ACTIVITY: Using the records below, transcribe word for word the stretch from the line that contains "Game by @Fredzilla-59" through the line that contains "Gem Signet #3788", both end lines included, and nothing else.

[Opening TASK MATERIAL section]

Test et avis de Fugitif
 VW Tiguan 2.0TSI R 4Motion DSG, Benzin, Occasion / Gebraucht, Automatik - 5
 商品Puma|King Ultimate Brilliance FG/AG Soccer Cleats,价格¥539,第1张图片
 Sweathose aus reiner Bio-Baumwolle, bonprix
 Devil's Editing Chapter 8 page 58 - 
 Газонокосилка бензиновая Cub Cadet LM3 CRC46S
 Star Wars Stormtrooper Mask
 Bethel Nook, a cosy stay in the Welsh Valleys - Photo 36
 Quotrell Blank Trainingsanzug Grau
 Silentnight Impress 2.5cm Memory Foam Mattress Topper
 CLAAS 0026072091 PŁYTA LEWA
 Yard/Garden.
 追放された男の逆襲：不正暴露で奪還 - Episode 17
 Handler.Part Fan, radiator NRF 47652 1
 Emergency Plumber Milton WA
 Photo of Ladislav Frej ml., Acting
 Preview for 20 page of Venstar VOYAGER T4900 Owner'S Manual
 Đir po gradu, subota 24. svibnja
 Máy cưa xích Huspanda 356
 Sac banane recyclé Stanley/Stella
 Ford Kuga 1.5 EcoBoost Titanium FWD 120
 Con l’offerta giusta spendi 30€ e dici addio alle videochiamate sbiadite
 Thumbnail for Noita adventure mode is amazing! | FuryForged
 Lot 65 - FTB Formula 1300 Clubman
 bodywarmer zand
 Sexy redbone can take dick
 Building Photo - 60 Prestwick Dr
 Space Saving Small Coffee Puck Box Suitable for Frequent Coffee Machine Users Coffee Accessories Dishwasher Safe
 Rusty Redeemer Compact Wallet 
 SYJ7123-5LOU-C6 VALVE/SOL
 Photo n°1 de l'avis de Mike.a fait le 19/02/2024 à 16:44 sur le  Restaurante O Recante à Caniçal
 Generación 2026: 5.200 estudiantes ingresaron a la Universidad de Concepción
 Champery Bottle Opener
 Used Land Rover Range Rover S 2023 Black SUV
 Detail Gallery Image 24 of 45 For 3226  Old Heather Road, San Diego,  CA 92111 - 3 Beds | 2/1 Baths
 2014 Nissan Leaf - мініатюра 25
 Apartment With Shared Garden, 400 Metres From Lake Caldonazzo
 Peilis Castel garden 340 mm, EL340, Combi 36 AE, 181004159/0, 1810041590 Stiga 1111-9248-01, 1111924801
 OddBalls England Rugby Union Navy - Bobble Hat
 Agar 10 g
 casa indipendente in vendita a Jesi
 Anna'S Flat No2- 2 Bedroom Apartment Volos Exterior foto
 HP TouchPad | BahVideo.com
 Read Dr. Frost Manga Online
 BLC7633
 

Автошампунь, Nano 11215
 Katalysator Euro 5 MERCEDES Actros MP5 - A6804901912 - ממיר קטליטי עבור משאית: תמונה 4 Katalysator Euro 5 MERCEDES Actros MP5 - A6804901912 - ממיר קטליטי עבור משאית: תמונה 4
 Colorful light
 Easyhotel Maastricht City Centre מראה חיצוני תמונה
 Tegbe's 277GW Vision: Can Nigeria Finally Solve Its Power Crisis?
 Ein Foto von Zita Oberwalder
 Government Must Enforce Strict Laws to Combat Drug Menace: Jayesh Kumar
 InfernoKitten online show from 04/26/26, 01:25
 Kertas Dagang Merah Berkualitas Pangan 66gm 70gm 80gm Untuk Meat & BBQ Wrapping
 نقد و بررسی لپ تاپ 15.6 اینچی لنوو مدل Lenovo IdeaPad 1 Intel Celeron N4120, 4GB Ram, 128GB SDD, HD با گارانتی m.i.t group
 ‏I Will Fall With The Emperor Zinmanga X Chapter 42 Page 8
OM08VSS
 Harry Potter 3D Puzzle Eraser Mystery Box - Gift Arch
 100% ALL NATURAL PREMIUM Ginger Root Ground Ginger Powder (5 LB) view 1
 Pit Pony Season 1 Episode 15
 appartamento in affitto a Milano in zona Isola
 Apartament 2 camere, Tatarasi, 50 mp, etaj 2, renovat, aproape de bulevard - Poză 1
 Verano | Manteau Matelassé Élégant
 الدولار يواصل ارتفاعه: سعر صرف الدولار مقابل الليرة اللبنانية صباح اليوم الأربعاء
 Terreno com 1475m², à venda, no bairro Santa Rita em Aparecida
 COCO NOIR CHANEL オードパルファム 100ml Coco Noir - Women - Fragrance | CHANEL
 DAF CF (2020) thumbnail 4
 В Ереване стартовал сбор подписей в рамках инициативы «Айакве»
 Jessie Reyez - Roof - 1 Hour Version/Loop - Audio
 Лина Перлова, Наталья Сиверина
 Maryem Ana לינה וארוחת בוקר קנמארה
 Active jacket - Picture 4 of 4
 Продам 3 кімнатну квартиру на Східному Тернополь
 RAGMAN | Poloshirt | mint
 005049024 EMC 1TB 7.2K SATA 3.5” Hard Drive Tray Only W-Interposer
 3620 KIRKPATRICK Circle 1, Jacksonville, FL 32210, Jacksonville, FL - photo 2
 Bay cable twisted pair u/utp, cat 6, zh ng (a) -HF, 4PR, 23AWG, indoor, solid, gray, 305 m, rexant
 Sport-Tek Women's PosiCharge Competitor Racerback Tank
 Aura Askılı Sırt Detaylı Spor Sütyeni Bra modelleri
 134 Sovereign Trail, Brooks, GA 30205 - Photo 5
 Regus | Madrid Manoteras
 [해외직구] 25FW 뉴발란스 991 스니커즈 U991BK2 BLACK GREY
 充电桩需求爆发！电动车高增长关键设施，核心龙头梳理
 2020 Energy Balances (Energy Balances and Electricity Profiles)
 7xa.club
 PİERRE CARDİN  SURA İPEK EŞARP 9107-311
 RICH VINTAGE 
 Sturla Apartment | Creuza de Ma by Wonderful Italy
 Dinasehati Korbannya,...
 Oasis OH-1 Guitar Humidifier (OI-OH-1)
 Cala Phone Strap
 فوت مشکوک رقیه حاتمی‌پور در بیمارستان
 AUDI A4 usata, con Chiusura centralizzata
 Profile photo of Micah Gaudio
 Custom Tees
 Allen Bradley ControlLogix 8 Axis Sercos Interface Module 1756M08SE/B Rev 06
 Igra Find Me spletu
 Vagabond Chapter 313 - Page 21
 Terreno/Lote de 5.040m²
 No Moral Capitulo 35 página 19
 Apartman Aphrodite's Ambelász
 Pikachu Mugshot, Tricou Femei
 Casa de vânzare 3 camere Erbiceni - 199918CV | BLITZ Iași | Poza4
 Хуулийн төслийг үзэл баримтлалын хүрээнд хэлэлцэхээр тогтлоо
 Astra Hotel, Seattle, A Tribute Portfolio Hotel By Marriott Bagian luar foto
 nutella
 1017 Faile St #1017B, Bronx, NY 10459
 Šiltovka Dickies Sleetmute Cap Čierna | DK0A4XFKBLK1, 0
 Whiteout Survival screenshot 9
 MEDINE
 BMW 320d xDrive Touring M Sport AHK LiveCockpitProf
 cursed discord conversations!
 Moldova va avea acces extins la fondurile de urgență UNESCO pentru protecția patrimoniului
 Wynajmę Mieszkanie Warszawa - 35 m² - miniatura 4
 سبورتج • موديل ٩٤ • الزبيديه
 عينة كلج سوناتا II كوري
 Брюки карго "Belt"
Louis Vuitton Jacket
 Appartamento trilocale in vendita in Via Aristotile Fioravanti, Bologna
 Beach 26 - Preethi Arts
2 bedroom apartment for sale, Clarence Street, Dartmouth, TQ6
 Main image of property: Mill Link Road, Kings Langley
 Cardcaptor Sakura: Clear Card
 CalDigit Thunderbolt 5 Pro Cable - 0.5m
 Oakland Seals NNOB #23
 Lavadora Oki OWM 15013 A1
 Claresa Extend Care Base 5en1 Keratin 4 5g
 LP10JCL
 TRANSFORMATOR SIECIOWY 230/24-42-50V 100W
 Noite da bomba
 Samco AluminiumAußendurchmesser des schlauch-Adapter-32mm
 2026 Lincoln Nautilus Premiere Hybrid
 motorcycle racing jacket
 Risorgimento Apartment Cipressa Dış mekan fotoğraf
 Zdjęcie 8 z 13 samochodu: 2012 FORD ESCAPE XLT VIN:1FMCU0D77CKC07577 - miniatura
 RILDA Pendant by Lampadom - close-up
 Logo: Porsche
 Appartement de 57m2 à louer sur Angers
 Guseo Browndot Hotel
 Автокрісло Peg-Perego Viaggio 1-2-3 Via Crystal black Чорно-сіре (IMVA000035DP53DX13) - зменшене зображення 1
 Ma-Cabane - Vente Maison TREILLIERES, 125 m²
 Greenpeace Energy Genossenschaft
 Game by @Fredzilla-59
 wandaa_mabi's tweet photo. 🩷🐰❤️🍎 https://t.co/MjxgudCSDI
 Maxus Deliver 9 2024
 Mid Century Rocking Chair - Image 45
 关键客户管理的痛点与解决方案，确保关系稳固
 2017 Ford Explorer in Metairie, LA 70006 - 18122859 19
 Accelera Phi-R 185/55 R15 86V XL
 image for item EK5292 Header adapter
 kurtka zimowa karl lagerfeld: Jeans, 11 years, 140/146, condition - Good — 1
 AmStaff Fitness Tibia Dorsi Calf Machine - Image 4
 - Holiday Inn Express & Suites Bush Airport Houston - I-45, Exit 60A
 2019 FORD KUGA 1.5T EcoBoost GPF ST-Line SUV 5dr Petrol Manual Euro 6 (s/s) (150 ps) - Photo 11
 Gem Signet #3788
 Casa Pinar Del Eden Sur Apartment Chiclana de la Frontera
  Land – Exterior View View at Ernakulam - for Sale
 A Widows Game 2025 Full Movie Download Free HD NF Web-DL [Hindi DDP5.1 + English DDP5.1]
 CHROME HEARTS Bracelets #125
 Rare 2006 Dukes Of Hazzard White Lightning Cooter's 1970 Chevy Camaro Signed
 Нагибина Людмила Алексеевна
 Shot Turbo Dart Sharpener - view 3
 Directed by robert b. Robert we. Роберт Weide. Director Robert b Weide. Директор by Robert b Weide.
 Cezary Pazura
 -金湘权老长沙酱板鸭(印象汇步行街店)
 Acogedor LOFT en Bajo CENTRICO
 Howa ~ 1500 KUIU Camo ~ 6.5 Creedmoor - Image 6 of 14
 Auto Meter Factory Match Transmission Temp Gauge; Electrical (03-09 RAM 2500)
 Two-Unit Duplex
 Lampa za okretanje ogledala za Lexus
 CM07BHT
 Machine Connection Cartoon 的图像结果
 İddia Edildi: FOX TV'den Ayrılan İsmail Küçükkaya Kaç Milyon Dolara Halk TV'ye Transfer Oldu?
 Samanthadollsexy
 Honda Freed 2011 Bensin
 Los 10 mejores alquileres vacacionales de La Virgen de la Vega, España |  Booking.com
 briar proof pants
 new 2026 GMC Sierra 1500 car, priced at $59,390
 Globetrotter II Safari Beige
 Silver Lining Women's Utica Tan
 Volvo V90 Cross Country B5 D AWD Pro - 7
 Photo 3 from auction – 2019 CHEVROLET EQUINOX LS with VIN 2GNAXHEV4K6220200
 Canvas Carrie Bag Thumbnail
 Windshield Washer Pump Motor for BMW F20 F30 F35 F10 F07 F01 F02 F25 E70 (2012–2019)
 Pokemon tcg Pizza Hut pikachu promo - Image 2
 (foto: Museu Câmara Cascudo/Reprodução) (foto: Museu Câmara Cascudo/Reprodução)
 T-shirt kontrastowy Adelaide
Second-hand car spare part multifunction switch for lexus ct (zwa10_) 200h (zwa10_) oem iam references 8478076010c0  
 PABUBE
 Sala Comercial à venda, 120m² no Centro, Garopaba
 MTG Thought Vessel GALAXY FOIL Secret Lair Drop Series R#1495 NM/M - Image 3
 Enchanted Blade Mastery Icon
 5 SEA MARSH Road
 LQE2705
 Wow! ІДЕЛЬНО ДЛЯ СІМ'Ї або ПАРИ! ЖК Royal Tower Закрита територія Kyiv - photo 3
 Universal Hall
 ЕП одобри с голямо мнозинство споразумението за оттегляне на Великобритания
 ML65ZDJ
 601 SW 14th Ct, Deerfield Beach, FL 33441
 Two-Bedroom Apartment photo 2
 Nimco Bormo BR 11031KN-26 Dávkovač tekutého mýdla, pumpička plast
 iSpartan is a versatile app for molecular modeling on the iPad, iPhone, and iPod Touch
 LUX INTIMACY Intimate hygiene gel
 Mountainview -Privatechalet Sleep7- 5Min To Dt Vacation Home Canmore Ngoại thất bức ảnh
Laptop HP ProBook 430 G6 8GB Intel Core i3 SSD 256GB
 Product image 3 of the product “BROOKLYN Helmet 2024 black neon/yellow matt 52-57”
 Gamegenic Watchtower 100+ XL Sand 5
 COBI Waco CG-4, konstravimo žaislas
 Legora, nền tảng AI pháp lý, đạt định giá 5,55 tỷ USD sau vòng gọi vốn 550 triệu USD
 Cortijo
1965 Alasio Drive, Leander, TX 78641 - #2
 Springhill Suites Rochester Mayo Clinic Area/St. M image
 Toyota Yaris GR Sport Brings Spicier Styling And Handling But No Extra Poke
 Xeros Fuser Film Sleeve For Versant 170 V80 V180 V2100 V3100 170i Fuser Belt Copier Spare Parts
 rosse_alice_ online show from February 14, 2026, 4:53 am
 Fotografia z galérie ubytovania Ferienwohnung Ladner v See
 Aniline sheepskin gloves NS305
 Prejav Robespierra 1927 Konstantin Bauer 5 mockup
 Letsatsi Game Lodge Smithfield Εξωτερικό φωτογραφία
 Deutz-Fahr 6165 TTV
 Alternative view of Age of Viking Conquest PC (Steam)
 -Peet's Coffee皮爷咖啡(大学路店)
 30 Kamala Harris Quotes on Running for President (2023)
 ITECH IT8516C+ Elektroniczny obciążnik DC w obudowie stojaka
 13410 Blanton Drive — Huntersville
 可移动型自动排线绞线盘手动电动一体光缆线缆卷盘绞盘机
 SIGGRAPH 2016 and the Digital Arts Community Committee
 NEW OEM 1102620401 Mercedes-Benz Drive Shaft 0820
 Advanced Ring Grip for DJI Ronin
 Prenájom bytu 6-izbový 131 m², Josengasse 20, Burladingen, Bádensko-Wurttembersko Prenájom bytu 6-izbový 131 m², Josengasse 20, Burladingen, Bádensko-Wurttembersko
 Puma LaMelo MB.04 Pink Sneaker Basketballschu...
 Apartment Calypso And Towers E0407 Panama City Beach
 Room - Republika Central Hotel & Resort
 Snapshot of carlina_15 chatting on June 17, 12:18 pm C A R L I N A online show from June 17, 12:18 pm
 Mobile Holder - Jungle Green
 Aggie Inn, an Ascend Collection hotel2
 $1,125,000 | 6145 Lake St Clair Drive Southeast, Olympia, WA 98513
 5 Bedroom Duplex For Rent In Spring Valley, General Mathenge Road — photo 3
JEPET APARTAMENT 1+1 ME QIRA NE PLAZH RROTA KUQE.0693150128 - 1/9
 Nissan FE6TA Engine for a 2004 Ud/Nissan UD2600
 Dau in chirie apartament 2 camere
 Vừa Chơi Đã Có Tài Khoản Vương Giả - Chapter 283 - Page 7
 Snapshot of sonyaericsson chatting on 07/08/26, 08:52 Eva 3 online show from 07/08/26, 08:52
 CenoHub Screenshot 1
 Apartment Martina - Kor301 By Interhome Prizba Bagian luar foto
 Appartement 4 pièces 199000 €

[Closing TASK MATERIAL section]

FINISHED EXERCISE:
 Game by @Fredzilla-59
 wandaa_mabi's tweet photo. 🩷🐰❤️🍎 https://t.co/MjxgudCSDI
 Maxus Deliver 9 2024
 Mid Century Rocking Chair - Image 45
 关键客户管理的痛点与解决方案，确保关系稳固
 2017 Ford Explorer in Metairie, LA 70006 - 18122859 19
 Accelera Phi-R 185/55 R15 86V XL
 image for item EK5292 Header adapter
 kurtka zimowa karl lagerfeld: Jeans, 11 years, 140/146, condition - Good — 1
 AmStaff Fitness Tibia Dorsi Calf Machine - Image 4
 - Holiday Inn Express & Suites Bush Airport Houston - I-45, Exit 60A
 2019 FORD KUGA 1.5T EcoBoost GPF ST-Line SUV 5dr Petrol Manual Euro 6 (s/s) (150 ps) - Photo 11
 Gem Signet #3788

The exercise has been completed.